- Genre: Crime thriller; True crime;
- Created by: Navinkumar Palanivel
- Written by: Navinkumar Palanivel
- Screenplay by: Navinkumar Palanivel
- Directed by: Navinkumar Palanivel
- Starring: P. Samuthirakani; Sshivada;
- Music by: Vibin Baskar
- Country of origin: India
- Original language: Tamil

Production
- Producer: Ajey Krishna
- Cinematography: KK And Mohankumar Palanivel
- Production company: Cocktail Cinemas

Original release
- Network: ZEE5
- Release: February 27, 2026

= Thadayam (TV series) =

2026 Tamil-language crime thriller series

Thadayam is a 2026 Indian Tamil-language crime thriller streaming television series written and directed by Navinkumar Palanivel for ZEE5. Produced by Ajey Krishna under the banner Cocktail Cinemas, the series stars P. Samuthirakani and Sshivada in lead roles. The narrative is inspired by events reported in 1999 along the Tamil Nadu–Andhra Pradesh border. The series premiered on 27 February 2026.

== Premise ==
Set in 1999, the series follows a series of ritualistic midnight murders in rural villages along the Tamil Nadu–Andhra Pradesh border. The perpetrator's pattern involves stealing the mangalsutra (thali) from victims, contributing to local fear and speculation.
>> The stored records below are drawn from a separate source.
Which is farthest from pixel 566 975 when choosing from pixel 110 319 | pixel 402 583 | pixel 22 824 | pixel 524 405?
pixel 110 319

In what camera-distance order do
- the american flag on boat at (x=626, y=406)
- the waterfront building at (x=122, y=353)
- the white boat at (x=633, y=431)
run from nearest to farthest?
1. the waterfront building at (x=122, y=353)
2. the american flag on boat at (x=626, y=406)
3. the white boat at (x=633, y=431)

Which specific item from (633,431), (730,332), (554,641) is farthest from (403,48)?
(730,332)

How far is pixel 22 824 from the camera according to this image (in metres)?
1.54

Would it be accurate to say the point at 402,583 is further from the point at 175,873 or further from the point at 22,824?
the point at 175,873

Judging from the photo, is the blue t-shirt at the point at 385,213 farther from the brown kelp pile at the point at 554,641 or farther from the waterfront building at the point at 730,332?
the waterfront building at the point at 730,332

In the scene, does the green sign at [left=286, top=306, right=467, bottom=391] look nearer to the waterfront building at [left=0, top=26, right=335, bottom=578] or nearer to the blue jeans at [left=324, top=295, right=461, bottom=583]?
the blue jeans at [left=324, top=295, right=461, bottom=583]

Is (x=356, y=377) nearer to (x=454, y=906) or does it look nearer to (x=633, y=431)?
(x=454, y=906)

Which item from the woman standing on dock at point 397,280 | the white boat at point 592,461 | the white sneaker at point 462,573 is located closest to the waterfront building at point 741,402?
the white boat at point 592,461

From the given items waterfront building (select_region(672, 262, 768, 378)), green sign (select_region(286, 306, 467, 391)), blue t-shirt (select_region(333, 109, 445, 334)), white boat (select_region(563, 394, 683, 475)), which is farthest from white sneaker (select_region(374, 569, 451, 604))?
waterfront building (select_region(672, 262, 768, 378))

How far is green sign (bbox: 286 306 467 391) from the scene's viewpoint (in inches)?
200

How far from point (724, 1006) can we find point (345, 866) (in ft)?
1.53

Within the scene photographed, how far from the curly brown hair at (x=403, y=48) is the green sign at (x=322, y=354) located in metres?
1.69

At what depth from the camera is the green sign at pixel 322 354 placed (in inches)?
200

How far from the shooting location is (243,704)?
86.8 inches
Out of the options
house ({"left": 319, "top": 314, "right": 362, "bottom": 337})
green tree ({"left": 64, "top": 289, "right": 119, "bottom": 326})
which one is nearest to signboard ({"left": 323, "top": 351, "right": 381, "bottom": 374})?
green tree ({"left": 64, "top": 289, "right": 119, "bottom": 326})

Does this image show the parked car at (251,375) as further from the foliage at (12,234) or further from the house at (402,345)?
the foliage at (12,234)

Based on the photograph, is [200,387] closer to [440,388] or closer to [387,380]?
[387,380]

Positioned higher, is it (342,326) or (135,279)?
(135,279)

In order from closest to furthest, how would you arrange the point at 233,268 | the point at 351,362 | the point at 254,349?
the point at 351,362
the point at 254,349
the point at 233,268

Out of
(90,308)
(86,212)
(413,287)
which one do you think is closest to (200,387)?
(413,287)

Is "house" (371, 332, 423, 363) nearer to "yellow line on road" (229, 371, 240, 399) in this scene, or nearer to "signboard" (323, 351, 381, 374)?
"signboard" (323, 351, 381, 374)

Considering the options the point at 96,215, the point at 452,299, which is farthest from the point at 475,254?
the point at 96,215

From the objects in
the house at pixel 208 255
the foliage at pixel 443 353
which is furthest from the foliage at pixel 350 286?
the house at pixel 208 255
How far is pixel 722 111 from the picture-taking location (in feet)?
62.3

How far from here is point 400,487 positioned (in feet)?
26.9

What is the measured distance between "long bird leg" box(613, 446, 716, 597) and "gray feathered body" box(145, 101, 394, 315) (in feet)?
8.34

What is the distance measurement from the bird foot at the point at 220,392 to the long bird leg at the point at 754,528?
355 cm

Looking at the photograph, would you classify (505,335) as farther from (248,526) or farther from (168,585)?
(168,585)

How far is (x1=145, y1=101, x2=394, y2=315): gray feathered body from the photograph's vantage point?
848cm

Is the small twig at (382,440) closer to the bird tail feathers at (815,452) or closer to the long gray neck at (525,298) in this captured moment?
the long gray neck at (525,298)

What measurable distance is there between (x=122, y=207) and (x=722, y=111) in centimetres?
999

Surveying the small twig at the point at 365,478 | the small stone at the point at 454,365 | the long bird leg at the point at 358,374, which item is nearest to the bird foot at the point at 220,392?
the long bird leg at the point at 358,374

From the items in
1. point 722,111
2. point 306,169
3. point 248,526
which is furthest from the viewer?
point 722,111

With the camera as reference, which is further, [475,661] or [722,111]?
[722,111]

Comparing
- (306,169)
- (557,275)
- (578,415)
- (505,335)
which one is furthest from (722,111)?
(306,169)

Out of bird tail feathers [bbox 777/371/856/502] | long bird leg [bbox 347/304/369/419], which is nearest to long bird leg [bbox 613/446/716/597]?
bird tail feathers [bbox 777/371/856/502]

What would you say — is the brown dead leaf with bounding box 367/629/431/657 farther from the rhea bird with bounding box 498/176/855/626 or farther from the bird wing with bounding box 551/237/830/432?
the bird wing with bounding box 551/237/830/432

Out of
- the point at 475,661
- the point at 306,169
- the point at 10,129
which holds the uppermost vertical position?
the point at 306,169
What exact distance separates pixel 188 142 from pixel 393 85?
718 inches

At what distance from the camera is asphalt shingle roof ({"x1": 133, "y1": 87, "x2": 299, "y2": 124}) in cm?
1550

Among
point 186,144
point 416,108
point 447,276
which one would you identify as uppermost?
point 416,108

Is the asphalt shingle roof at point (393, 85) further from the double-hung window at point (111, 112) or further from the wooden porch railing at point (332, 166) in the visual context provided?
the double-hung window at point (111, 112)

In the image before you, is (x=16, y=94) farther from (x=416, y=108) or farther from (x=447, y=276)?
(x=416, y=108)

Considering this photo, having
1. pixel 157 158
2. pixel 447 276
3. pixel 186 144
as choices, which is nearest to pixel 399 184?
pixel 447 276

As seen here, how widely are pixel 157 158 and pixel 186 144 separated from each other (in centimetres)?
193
Sub-Inspector Adhiyaman investigates the case alongside Inspector Lakshmi, as they navigate the social and psychological tensions surrounding the crimes.

== Cast and characters ==

- P. Samuthirakani as SI Adhiyaman
- Sshivada as Inspector Lakshmi
- Raj Tirandasu as Suruli
- Munnar Ramesh as DSP Gunasekaran
- Sundharpandyan as DSP Rayudu
- Prem as Ravi
- Kotravai as Suruli's Wife
- Suparna as Suruli's Sister
- Vishakan as Inspector Sandeep Reddy
- Pulipandi as Driver Palraj
- Abhishek Joseph George as Arjun

== Release ==
The official trailer was released on 19 February 2026. The series. streamed on ZEE5 from 27 February 2026 in Tamil.